We used national population-based registers to identify RCC patients, first-degree relatives (FDRs; parents and siblings), and established RCC diagnosis among FDR. In this Swedish data set of 9416 patients with RCC, 3.1% had 1 or more FDR previously diagnosed with RCC (familial RCC). There was no statistical difference in median age between sporadic RCC and familial RCC. Matched case/control comparison indicates that people with an FDR with RCC have an approximately doubled risk of being diagnosed with RCC themselves, with a higher risk increase for women than for men. Having 2 or more FDRs was very rare but associated with a sixfold increased risk (Table). Familial RCC was strongly associated with bilateral and multifocal tumors.

Table. First-Degree Relatives With Renal Cell Carcinoma as Risk Factor for Renal Cell Carcinoma

All patients
Case (%) Control (%) OR (95% CI) CLR
No. FDRs with RCC n = 5169 n = 52,364
 0 4875 (94) 50,807 (97) Reference
 ≥1 294 (6) 1557 (3.0) 1.89 (1.65-2.16)
 ≥2a 9 14 6.05 (2.37-15.45)
Having father as FDR with RCC n = 6104 n = 61,818
 No 5991 (98) 61,207 (99) Reference
 Yes 113 (1.9) 611 (1.0) 1.91 (1.55-2.35)
Having mother as FDR with RCC n = 6388 n = 64,689
 No 6290 (98.5) 64,177 (99) Reference
 Yes 98 (1.5) 512 (0.8) 1.88 (1.51-2.35)
Having sibling as FDR with RCC n = 5462 n = 55,326
 No 5373 (98) 54,880 (99) Reference
 Yes 89 (1.6) 446 (0.8) 1.97 (1.55-2.50)
Abbreviations: CLR, conditional logistic regression; FDR, first-degree relative; OR, odds ratio; RCC, renal cell carcinoma.
a Separate model was performed for ≥2 FDR with RCC and compared to reference FDR = 0.

Limitations

Registered FDRs were missing for 36% of the studied population (31% mother, 35% father, 42% sibling). This could be due to emigration, a very old index case, or unknown relatives.
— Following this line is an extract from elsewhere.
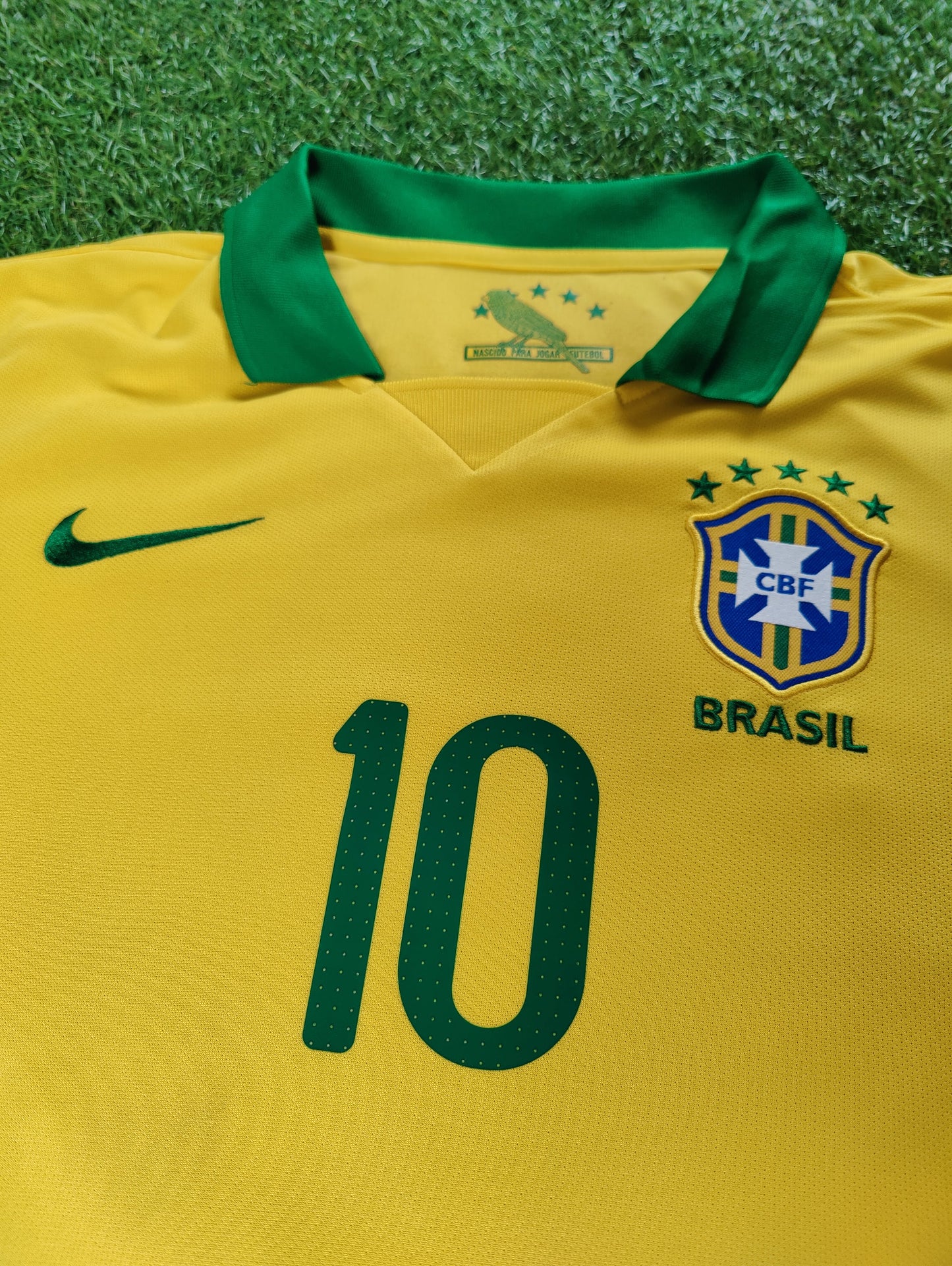 Neymar Jr. Str. L Brasilien Hjemmebanetrøje (2013)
However, the loss of data on mother, father or siblings was equal between cases and controls. Adjustment for potential inheritable environmental risk factors was not possible. This study was based on information from 1 country only, which may affect external validity.
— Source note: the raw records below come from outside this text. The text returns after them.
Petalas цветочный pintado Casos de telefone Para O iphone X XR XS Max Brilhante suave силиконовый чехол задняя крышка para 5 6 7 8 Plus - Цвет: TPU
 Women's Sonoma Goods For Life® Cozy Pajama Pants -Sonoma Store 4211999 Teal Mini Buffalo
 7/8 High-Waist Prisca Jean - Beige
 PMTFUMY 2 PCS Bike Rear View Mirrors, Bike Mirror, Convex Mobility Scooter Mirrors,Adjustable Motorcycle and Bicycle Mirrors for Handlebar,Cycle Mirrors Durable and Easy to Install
Interpretation for Patient Care

The risk of RCC is approximately doubled if a parent or sibling has RCC, but the absolute risk is small. The median age at diagnosis in this group is similar to sporadic RCC, suggesting that known hereditary cancer syndromes constitute only a small proportion of familial RCC. Having 2 FDRs with RCC is associated with a much-increased risk of RCC and might be an indication for screening.